Westin Grand Hotel (Vancouver): Court to determine if Cressey and/or others misrepresented condo hotel units

The Westin Grand Condo Hotel, Vancouver, BC, Canada

IN THE SUPREME COURT OF BRITISH COLUMBIA

Citation:

The Owners et al. v. Homer Street Development et al.,

 

2007 BCSC 362

Date: 20070315
Docket: S76792
Registry: New Westminster

Between:

The Owners, Strata Plan LMS 3851,
Chong Ping Wong and others

Plaintiffs

And

Homer Street Developments Limited Partnership,
(formerly Cressey (Homer) Limited Partnership)
and others

Defendants

And

O’Neill Hotels & Resorts Ltd. and others

Third Parties

Before: The Honourable Mr. Justice Truscott

Ruling

Counsel for the plaintiffs:

B.W. Dixon

S.T. Warnett

 

Counsel for the defendants

Homer Street Development Ltd. Partnership

et al (The “Developers”):

 

G.N. Corson

 

Counsel for the defendant

MM&R Valuation Services, Inc.:

 

G.M. Nijman

 

Counsel for the third parties

O’Neill Hotels & Resorts Ltd.

and OHR Grand Management

Robert F. O’Neill and John C. O’Neill:

 

D.G.S. Rae, Q.C.

 

Date and Place of Trial/Hearing:

March 13, 2007

 

New Westminster, B.C.

[1]                The plaintiffs have provided to the defendants and to the court a statement of what they consider to be the issues involved in their claims for the purpose of the stage one trial.

[2]                The defendants take issue with one of the issues being involved and with the framing of some of the other issues.

[3]                The developer defendants take issue with the involvement of alleged representations in the marketing brochure and auditor’s report dated November 8, 1996 due to plaintiffs’ counsel’s concession in the past that these alleged representations were no different than the representations alleged in the disclosure statement.

[4]                Plaintiffs’ counsel says there should be no objection to including these alleged representations in the marketing brochure and auditor’s report as long as there is no involvement of any issue of who received these documents nor who relied upon these documents, as part stage one.

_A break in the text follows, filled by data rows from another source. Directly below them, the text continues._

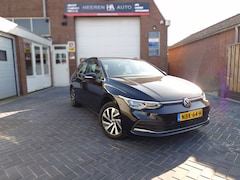 Volkswagen Golf - 1.4 eHybrid Style, Trekhaak, Camera, Carplay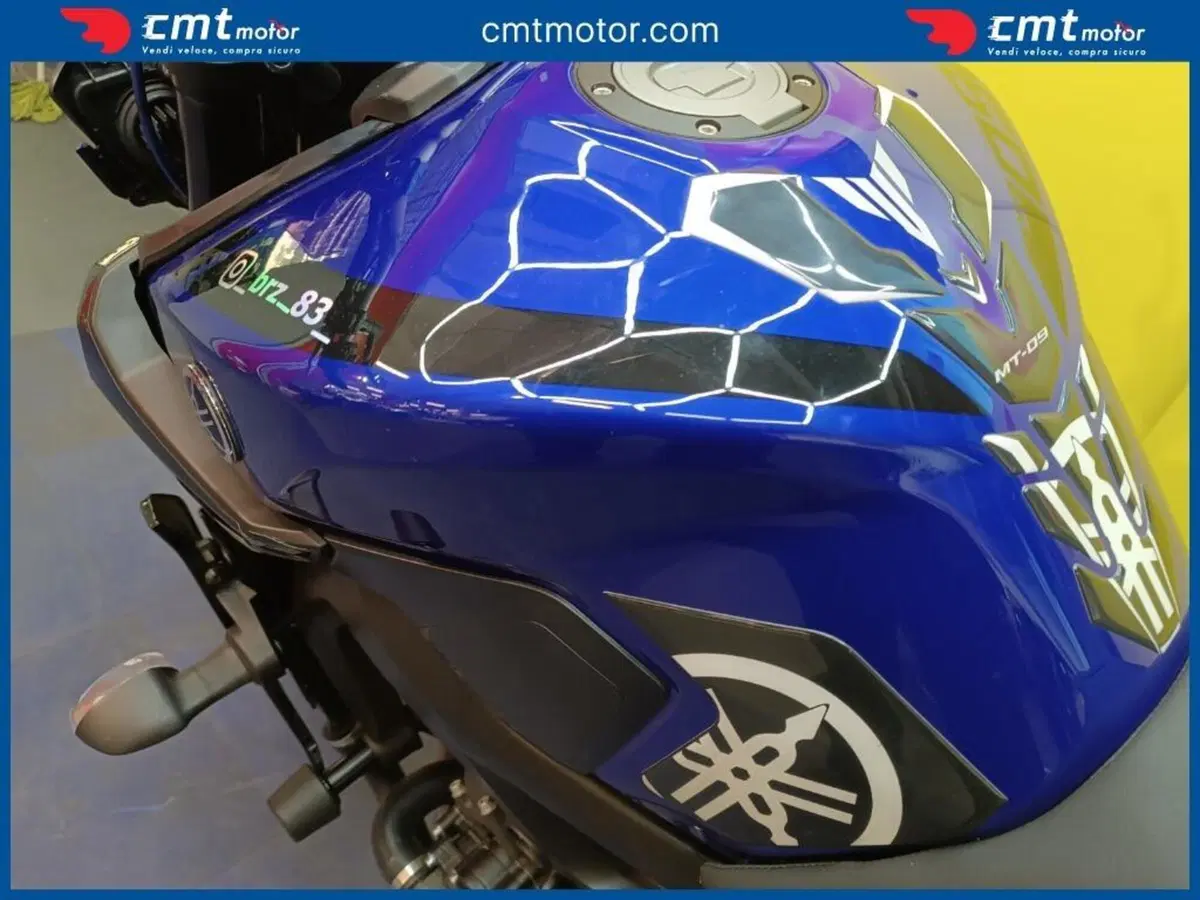 Yamaha MT-09 (2017 - 20) (9)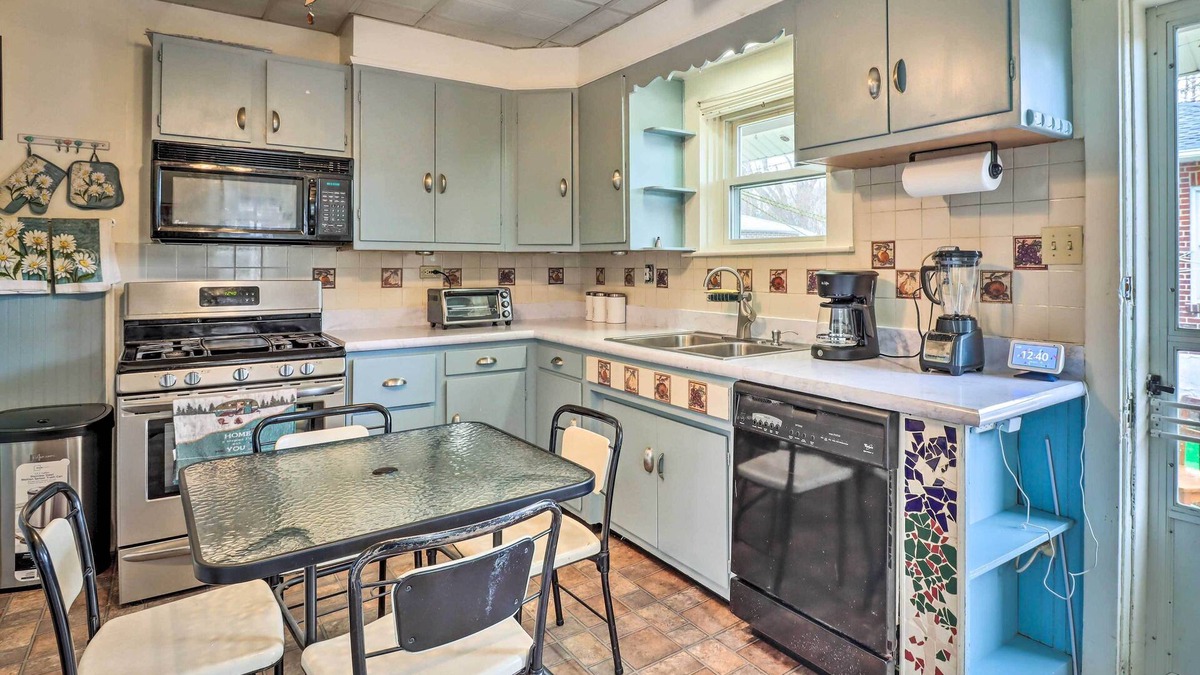 Allentown House | Allentown Home: 2 Mi to Hamilton District!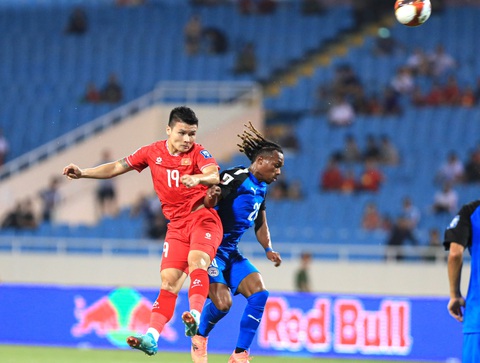 Tuyển Việt Nam - Philippines 3-2: Màn ra mắt cảm xúc- Ảnh 4. CĐV Việt Nam đã có những cảm xúc thót tim trên sân Mỹ Đình tối 6-6 - Ảnh: MINH ĐỨC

[5]                On this basis I agree that the alleged representations in the marketing brochure and the auditor’s report will form part of the stage one trial to the extent of determining who is responsible for those representations, who owed a duty of care with respect to them, whether they were material, whether they were false, and whether the developers, directors or OHR were fraudulent or negligent in making those representations, all as are presently alleged against these three defendants through the disclosure statement.

[6]                The collective defendants disagree with any determination that their conduct might be considered to be fraudulent or negligent in making the representations as they say that is a conclusion only and the proper question is to determine whether they breached a standard of care in making the representations.  Their concern appears to be that such a finding of negligence or fraud might involve an inference that there was reliance by one or more of the plaintiffs on this conduct when the issue of reliance has been reserved completely for a second stage trial.

[7]                Plaintiffs’ counsel points out that in framing the issues as he has he has followed the wording of the issues as used by Wedge J. in her language in Sharbern Holdings Ltd. v. Vancouver Airport Centre Ltd. et al, 2005 BCSC 896, Reasons for Judgment, June 16, 2005.  As well he points to the wording of these issues as set out in The Queen v. Cognos Inc., [1993] 1 S.C.R. 87, as well as in Seaboard Life Insurance Co. v. Bank of Montreal, [2002] B.C.J. 599, (C.A.).

[8]                In my view a finding of negligence is a conclusion from a finding of a breach of a duty of care which involves a finding of a breach of a standard of care and in my opinion all of these findings are involved in the stage one trial and none of them will involve any consideration of issues of reliance that are reserved for a stage two trial.  I am content to leave the plaintiffs’ issues in this regard as framed.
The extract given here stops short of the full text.